News that RSA, the security division of EMC, has announced plans to replace all 40 million of the SecurID tokens issued to its clients – following the recent cyberattack against Lockheed Martin – has been called a disaster in financial and ecological terms.

The deployment costs for RSA’s clients will cost around four billion pounds, whilst the environmental cost will work at around 4.3 million tonnes of CO2. Observations suggest that the on-costs of deploying a single SecurID token is around £100.00 per token – this includes the direct and indirect costs for the organisation concerned.

And then there is the environmental costs, which our Web site calculates at 4.3 million tonnes of Co2 – the equivalent of flying around the world 500,000 times in terms of the effect on the environment. To put that in perspective, this is equivalent of chopping down 240 million trees.

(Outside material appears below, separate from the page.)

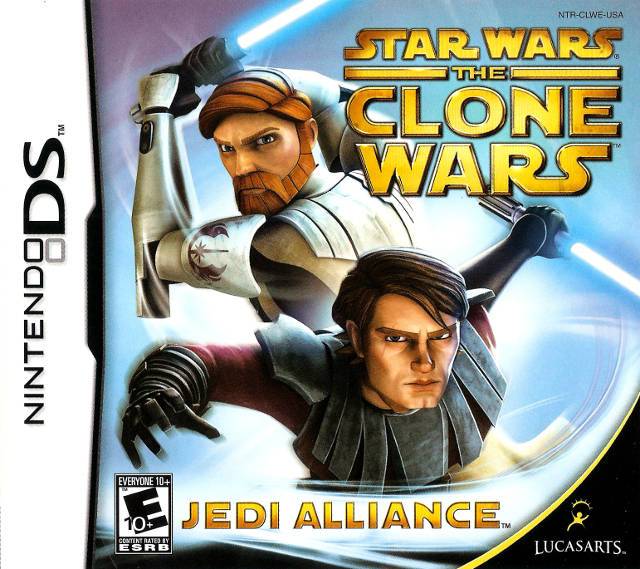 Star Wars The Clone Wars: Jedi Alliance (Nintendo DS)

Given the financial and ecological implications of the RSA SecurID rollout – which are quite breathtaking – you actually have to question as whether the SecurID deployment is really necessary.

If it is necessary, then I recommend that businesses should start seriously thinking about switching to a tokenless authentication system – especially given the rising number of corporate hacks in recent months, which indicates that enhanced security should now be a watchword.

Research at the Infosecurity Europe show in April of this year revealed that 38 per cent of RSA token users were looking for a replacement. If anything, this SecurID reissue saga will reinforce the view amongst Infosecurity Europe attendees that more than a third of users are desperate for change.

Against the backdrop of this survey, I wonder how many users of two-factor authentication will now be questioning the wisdom of using a hardware-based token system, when the benefits of using a software token – which include significantly lower on-costs and faster deployments – are now becoming apparent.

And this is before we even begin to calculate the costs – as mandated under the EU’s WEEE directive – of securely disposing the old tokens, which have a number of less-than-eco-friendly components built into them.